Runtime Environment	The name of the runtime environment where you want to run tasks. You cannot run a database ingestion task on a Hosted Agent or in a serverless runtime environment.
Open Table Format	The Open Table format that you want to use to read from or write data to a catalog. Select Apache Iceberg from the list.

Catalog types

You can select AWS Glue Catalog as the catalog type to manage the metadata of the Open Table format that you selected.

Select the catalog type that your Open Table format uses and then configure the catalog specific parameters.

AWS Glue Catalog

If the Apache Iceberg Open Table format uses AWS Glue Catalog as the catalog type, configure the properties specific to AWS Glue Catalog.

The following table describes the property to configure AWS Glue Catalog:

Property	Description
Athena JDBC URL	Enter the JDBC URL in the following format: jdbc:athena://Region=<AWS_Region>;OutputLocation=<S3_Location> For example, jdbc:athena://Region=us-west1;OutputLocation=s3://working/dir.
Catalog Authentication Type	The authentication method to connect to the catalog.
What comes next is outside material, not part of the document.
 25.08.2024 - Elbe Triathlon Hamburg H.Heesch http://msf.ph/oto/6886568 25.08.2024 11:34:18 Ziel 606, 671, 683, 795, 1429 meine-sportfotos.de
Select one of the following options: - None. Connects to AWS Glue Catalog without any authentication credentials. - OAuth 2.0 Client Credentials. Connects to a REST catalog using a Client ID and Client Secret to obtain an access token from the authorization server.

Storage types

You can choose Amazon S3 as the storage type to store the Open Table format tables.

Select the storage type and configure the storage specific authentication parameters.

Amazon S3

If you use AWS Glue Catalog as the catalog type, configure the properties specific to Amazon S3 storage.

Permanent IAM Credentials authentication

You can use Permanent IAM Credentials authentication for Amazon S3 storage when you connect to an AWS Glue Catalog.

The following table describes the properties to configure Permanent IAM Credentials authentication:

Property	Description
Access Key	The key to access the AWS Glue Catalog.
Secret Key	The secret key to access the AWS Glue Catalog. The secret key is associated with the access key and uniquely identifies the account.

EC2 Role to Assume Role authentication

You can use EC2 Role to Assume Role authentication for Amazon S3 storage only when you read Apache Iceberg tables from AWS Glue Catalog.

The following table describes the properties to configure EC2 Role to Assume Role authentication:

Property	Description
IAM Role ARN	The ARN of the IAM role assumed by the EC2 role to generate the temporary session credentials.
External ID	A unique, user-defined string value that the IAM role requires the EC2 role to provide when calling the sts:AssumeRole API.